Będziemy protestować, bo ani jeden, ani drugi minister rolnictwa nie zrealizował postanowień porozumienia zawartego po strajkach w Bydgoszczy - mówi Józef Nowak z Gogolinka (powiat bydgoski).
- Sytuacja jest trudna, rolnicy wciąż czekają na kredyty, a w tym roku czeka nas kolejna redukcja dopłat!
Dlatego gospodarze postanowili ponownie wyjechać na ulice Bydgoszczy. - Ale nie dostaliśmy zezwolenia - mówi Nowak. - Dlatego odwołaliśmy się w tej sprawie do wojewody.
- Pani wojewoda podtrzymała decyzję prezydenta Bydgoszczy, który nie wyraził zgody ze względu na remonty dróg w centrum Bydgoszczy - twierdzi Bartłomiej Michałek, rzecznik wojewody.
W związku z tym niezadowoleni rolnicy przyjadą dziś do Wtelna, w gminie Koronowo. Tam, w centrum wsi, rozpoczną protest o godzinie 13.
- Przyjedzie ze 30-40 traktorów - mówi Nowak. - Zastanowimy się, co dalej.

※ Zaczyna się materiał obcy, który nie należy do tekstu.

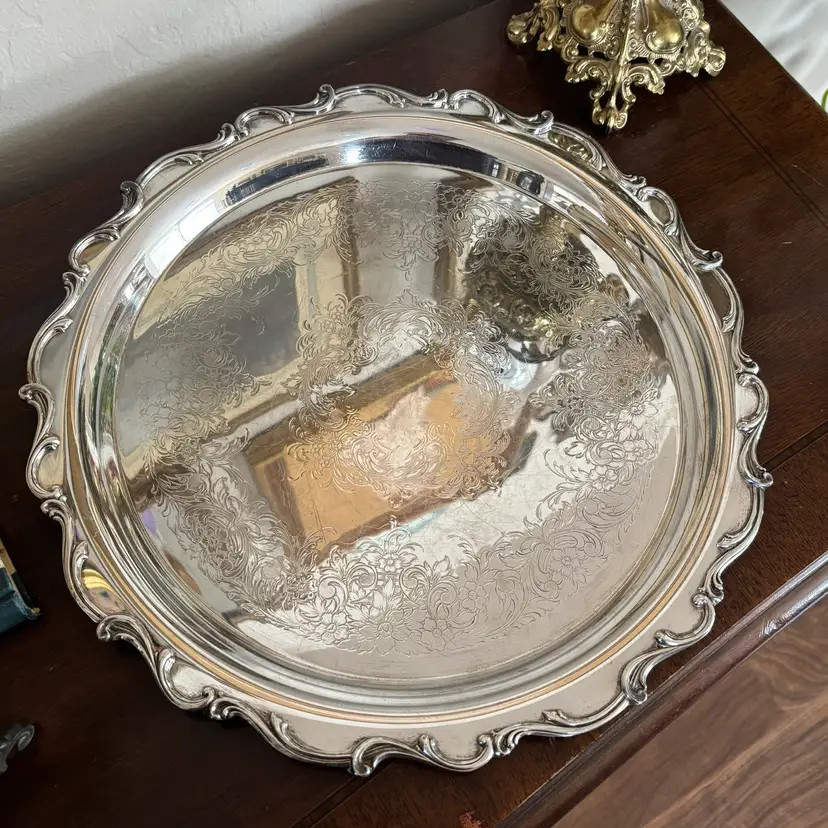 🐇Vintage Intl Silver Co Webster Wilcox Scroll Edge Ornate Etched 14” Round Tray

W połowie marca, w pod_toruńskim Przysieku o trudnej sytuacji w rolnictwie z gospodarzami rozmawiał minister Stanisław Kalemba. Wyglądało na to, że konflikt został zażegnany. - Kalemba potrafi rozmawiać z rolnikami - przyznał Nowak. - To dobry gawędziarz, ale efektów brak.